Fathir memberikan waktu seminggu untuk beristirahat dan kini gadis itu sudah merasa lebih baik lagipula dia rindu dengan para hewan pasiennya.


"Aku tidak mau kamu sakit lagi Mintang" Krisna memeluk Gemintang dari belakang membuat gadis itu membeku.
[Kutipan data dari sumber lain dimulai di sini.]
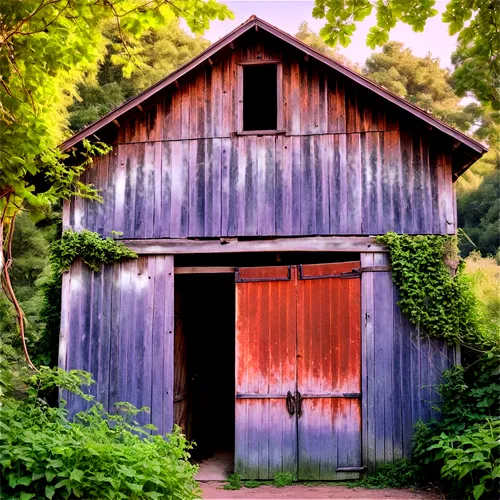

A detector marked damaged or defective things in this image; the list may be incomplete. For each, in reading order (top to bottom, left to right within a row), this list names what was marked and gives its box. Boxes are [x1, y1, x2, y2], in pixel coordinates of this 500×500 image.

rusty red door [234, 266, 296, 480]
rusty red door [234, 264, 364, 478]
rusty red door [296, 264, 364, 478] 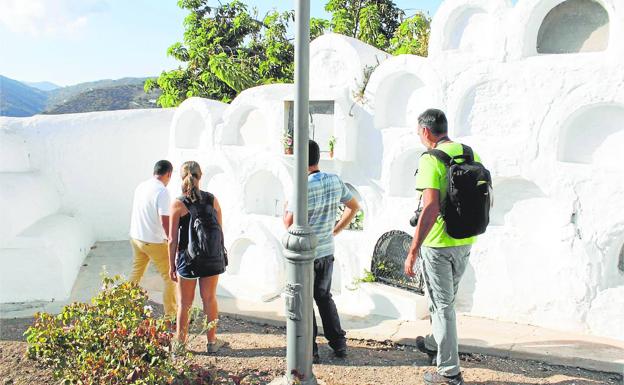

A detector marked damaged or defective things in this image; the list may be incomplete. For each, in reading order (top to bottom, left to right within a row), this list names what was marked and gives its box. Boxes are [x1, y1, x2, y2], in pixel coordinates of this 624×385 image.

rusty metal grate [372, 230, 426, 296] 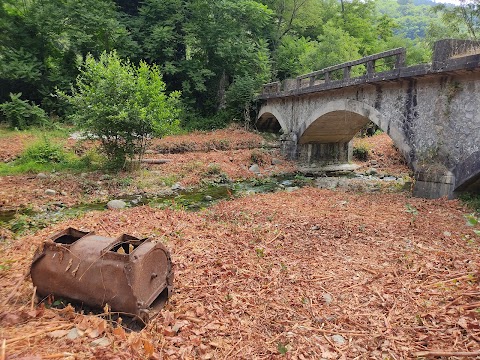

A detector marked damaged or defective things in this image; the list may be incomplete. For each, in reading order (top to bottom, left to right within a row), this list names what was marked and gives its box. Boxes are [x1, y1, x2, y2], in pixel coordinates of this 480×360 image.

rusty metal barrel [30, 228, 173, 320]
rusted drum [30, 226, 173, 322]
rust stain on metal [29, 226, 174, 322] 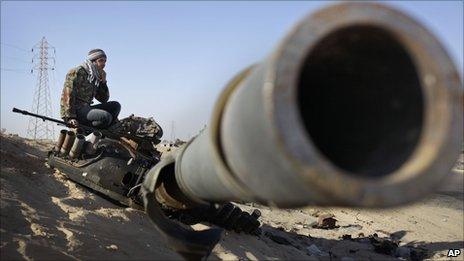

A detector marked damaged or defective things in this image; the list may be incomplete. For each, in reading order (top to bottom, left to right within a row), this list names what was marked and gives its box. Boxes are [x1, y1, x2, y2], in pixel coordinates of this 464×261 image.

rusted metal barrel [156, 3, 460, 208] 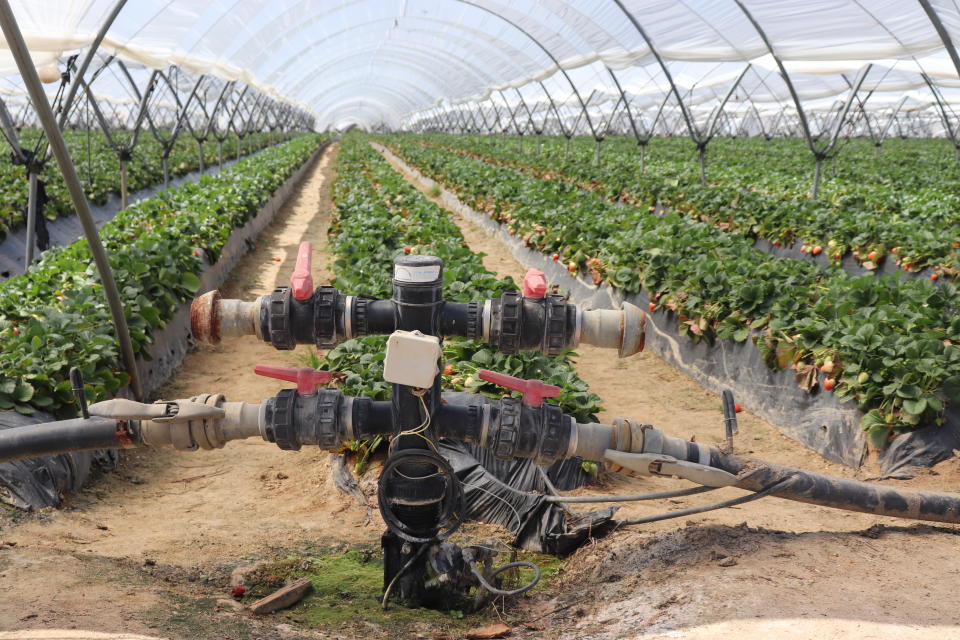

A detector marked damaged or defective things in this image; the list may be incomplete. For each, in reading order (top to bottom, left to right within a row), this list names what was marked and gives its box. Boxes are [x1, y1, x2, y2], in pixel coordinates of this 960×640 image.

rusty pipe flange [191, 292, 221, 344]
rusty pipe flange [620, 302, 648, 358] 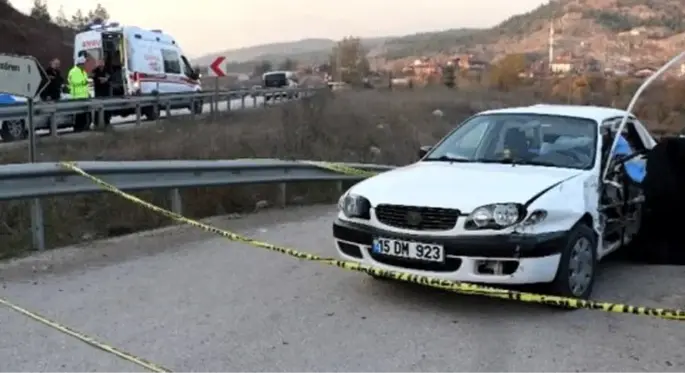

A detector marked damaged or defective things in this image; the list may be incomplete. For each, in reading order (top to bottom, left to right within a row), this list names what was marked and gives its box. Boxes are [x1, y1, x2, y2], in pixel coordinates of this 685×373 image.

white damaged car [334, 103, 656, 298]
Krisna merasakan bagaimana tidak nyamannya istrinya di dalam pelukannya tapi dirinya merasa tidak ingin melepaskan Gemintang. Entah mengapa, dirinya merasa takut jika Gemintang benar-benar meninggalkan dirinya.


"Jules hendak menikah besok Juni. Kita datang kan?" tanya Gemintang sambil mempersiapkan salad meskipun agak kesusahan karena Krisna tidak melepaskan pelukannya.


"Kita akan datang... " Krisna mencium kening Gemintang. "Jangan terlalu diforsir nanti bekerjanya." Pria itu melepaskan pelukannya dan duduk di meja makan dimana sudah tersedia sandwich dan semangkuk cereal disertai kopi dan air putih.


Gemintang mengibaskan tubuhnya seolah tidak mau ada bau pria itu di badannya dan gerakan itu terlihat oleh Krisna yang merasa nyeri di dadanya.


Apakah aku seperti kotoran bagimu?


***


Ruang Kerja Fathir Hassan


Fathir, Fahira dan Pahlevi melongo mendengar rencana Gemintang di bulan Juni saat pernikahan Juliet dan Romeo.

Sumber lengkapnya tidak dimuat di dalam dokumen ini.